Aim of the exercise: In your answer, transcribe all of the data exactly.

The data:
──────────────────────────────

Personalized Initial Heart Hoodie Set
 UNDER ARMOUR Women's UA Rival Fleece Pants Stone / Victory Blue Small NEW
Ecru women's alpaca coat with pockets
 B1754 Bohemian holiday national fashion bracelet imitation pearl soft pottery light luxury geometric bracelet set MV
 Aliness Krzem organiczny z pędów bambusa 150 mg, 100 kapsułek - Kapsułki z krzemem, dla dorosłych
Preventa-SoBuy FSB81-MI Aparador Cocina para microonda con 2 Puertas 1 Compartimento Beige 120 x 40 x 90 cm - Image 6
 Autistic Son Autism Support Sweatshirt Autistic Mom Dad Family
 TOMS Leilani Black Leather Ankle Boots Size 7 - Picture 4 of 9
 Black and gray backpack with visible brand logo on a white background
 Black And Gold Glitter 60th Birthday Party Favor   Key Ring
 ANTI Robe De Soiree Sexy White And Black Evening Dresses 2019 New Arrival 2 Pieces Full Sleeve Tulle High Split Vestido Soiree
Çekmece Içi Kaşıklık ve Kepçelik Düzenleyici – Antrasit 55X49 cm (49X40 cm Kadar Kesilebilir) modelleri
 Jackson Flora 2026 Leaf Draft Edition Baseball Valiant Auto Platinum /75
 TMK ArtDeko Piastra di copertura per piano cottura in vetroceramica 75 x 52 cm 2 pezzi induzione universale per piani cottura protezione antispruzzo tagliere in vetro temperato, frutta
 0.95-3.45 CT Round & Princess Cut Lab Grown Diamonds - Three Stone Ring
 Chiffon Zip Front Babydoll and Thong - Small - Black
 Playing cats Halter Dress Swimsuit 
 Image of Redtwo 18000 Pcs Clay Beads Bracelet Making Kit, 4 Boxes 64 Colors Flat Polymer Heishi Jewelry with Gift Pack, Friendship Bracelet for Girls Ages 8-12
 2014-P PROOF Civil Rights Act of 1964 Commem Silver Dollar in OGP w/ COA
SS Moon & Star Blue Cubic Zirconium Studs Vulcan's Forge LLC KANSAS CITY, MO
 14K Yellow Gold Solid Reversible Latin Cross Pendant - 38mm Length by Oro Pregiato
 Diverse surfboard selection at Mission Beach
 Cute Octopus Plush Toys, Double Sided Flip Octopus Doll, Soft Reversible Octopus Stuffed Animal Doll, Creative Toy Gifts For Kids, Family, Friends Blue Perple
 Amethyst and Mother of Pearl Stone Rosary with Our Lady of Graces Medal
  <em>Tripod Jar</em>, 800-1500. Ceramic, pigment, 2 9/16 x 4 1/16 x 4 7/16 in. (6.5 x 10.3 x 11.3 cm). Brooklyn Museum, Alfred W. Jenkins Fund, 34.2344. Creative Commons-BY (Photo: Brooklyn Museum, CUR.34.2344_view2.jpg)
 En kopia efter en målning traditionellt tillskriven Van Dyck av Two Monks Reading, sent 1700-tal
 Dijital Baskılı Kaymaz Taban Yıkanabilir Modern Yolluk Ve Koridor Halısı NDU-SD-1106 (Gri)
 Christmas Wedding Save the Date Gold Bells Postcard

──────────────────────────────

Completed task:
Personalized Initial Heart Hoodie Set
 UNDER ARMOUR Women's UA Rival Fleece Pants Stone / Victory Blue Small NEW
Ecru women's alpaca coat with pockets
 B1754 Bohemian holiday national fashion bracelet imitation pearl soft pottery light luxury geometric bracelet set MV
 Aliness Krzem organiczny z pędów bambusa 150 mg, 100 kapsułek - Kapsułki z krzemem, dla dorosłych
Preventa-SoBuy FSB81-MI Aparador Cocina para microonda con 2 Puertas 1 Compartimento Beige 120 x 40 x 90 cm - Image 6
 Autistic Son Autism Support Sweatshirt Autistic Mom Dad Family
 TOMS Leilani Black Leather Ankle Boots Size 7 - Picture 4 of 9
 Black and gray backpack with visible brand logo on a white background
 Black And Gold Glitter 60th Birthday Party Favor   Key Ring
 ANTI Robe De Soiree Sexy White And Black Evening Dresses 2019 New Arrival 2 Pieces Full Sleeve Tulle High Split Vestido Soiree
Çekmece Içi Kaşıklık ve Kepçelik Düzenleyici – Antrasit 55X49 cm (49X40 cm Kadar Kesilebilir) modelleri
 Jackson Flora 2026 Leaf Draft Edition Baseball Valiant Auto Platinum /75
 TMK ArtDeko Piastra di copertura per piano cottura in vetroceramica 75 x 52 cm 2 pezzi induzione universale per piani cottura protezione antispruzzo tagliere in vetro temperato, frutta
 0.95-3.45 CT Round & Princess Cut Lab Grown Diamonds - Three Stone Ring
 Chiffon Zip Front Babydoll and Thong - Small - Black
 Playing cats Halter Dress Swimsuit 
 Image of Redtwo 18000 Pcs Clay Beads Bracelet Making Kit, 4 Boxes 64 Colors Flat Polymer Heishi Jewelry with Gift Pack, Friendship Bracelet for Girls Ages 8-12
 2014-P PROOF Civil Rights Act of 1964 Commem Silver Dollar in OGP w/ COA
SS Moon & Star Blue Cubic Zirconium Studs Vulcan's Forge LLC KANSAS CITY, MO
 14K Yellow Gold Solid Reversible Latin Cross Pendant - 38mm Length by Oro Pregiato
 Diverse surfboard selection at Mission Beach
 Cute Octopus Plush Toys, Double Sided Flip Octopus Doll, Soft Reversible Octopus Stuffed Animal Doll, Creative Toy Gifts For Kids, Family, Friends Blue Perple
 Amethyst and Mother of Pearl Stone Rosary with Our Lady of Graces Medal
  <em>Tripod Jar</em>, 800-1500. Ceramic, pigment, 2 9/16 x 4 1/16 x 4 7/16 in. (6.5 x 10.3 x 11.3 cm). Brooklyn Museum, Alfred W. Jenkins Fund, 34.2344. Creative Commons-BY (Photo: Brooklyn Museum, CUR.34.2344_view2.jpg)
 En kopia efter en målning traditionellt tillskriven Van Dyck av Two Monks Reading, sent 1700-tal
 Dijital Baskılı Kaymaz Taban Yıkanabilir Modern Yolluk Ve Koridor Halısı NDU-SD-1106 (Gri)
 Christmas Wedding Save the Date Gold Bells Postcard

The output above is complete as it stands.